In the presented detailed analysis, the outcomes of the GA were compared with other methods used for optimizing the number of monitoring wells. Each method yielded different optimal well configurations, reflecting the unique criteria and algorithms utilized.
Genetic Algorithm (GA): The GA approach identified seven optimal well locations, which provided the best balance between operational costs and the effectiveness of groundwater monitoring. This method effectively minimized the RMSE to 11.43 mg/L, demonstrating its efficiency in achieving accurate predictions with fewer wells.

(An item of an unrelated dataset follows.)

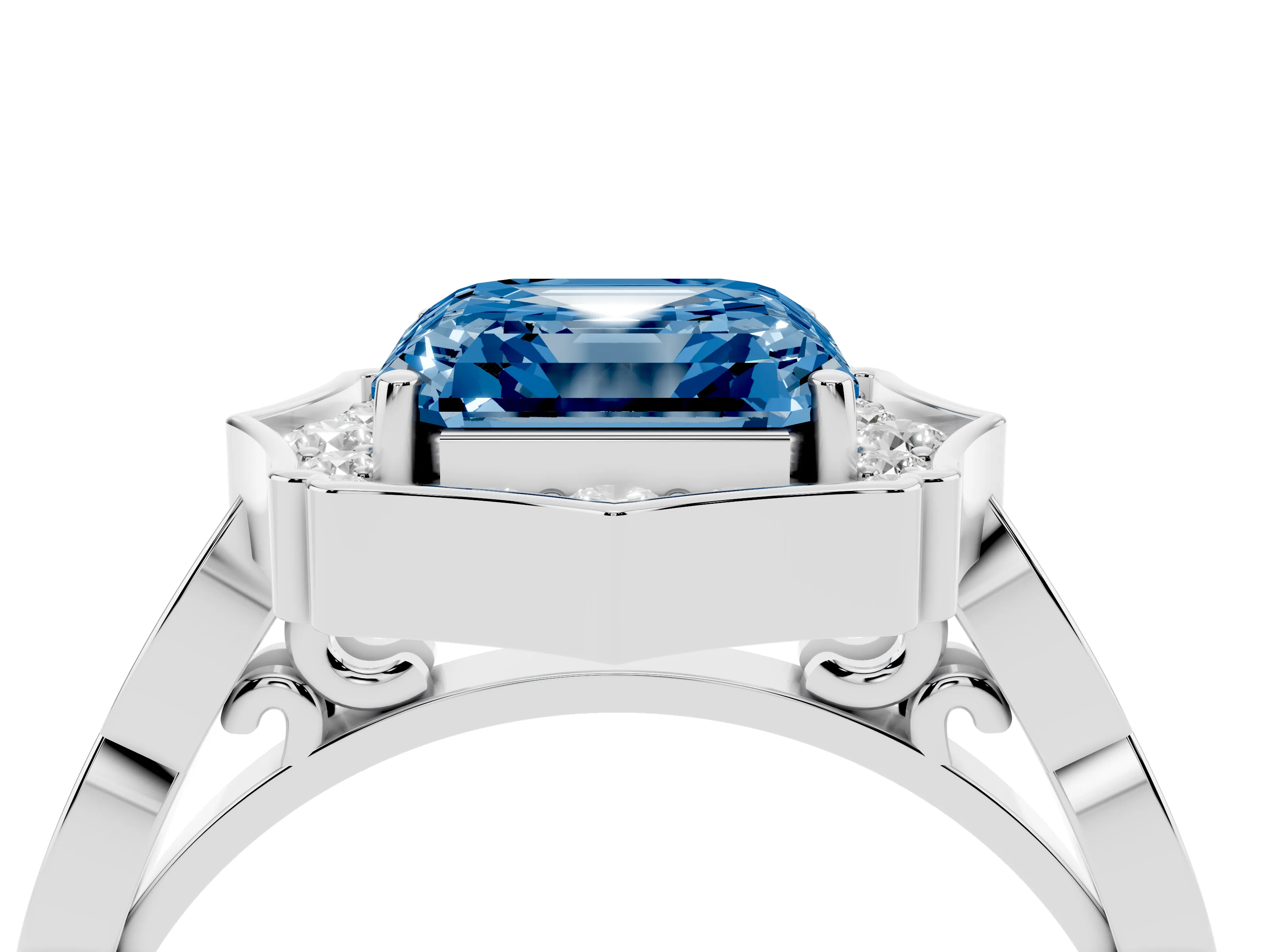 Fancy Blue Asscher Cut Diamond Halo Engagement Ring Set in White gold with Milgrain Band and Prong Setting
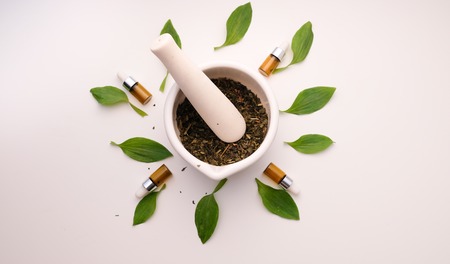 alternative herb medicine with herbal the organic natural in the laboratory. oil capsule, natural organic.の写真素材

Other methods: In contrast, the alternative methods, while potentially offering more data points, resulted in higher RMSE values of 13.17, 12.27, and 10.7 mg/L for solutions 2, 3, and 4, respectively. These methods required a larger number of wells (9 and 11) leading to increased operational costs without significant improvements in the accuracy of the results.
Comparative evaluation: The comparative analysis highlights that the GA method, despite having fewer wells, maintains a high level of accuracy, making it the most cost-effective option for groundwater monitoring in the Eshtehard plain. The results suggest that utilizing the optimal number of wells can lead to substantial savings in sampling, transportation, laboratory analysis, and data interpretation.
FUNDING
No funds, grants, or other support were received.
AUTHORS' CONTRIBUTIONS
All authors contributed to the study conception and design. Material preparation, data collection, and analysis were performed by H. Farshad. The first draft of the manuscript was written by H. Farshad and edited by M. Javan Salehi and M. Shourian. M. Shourian read and approved the final manuscript.
DATA AVAILABILITY STATEMENT
All relevant data are included in the paper or its Supplementary Information.
CONFLICT OF INTEREST
The authors declare there is no conflict.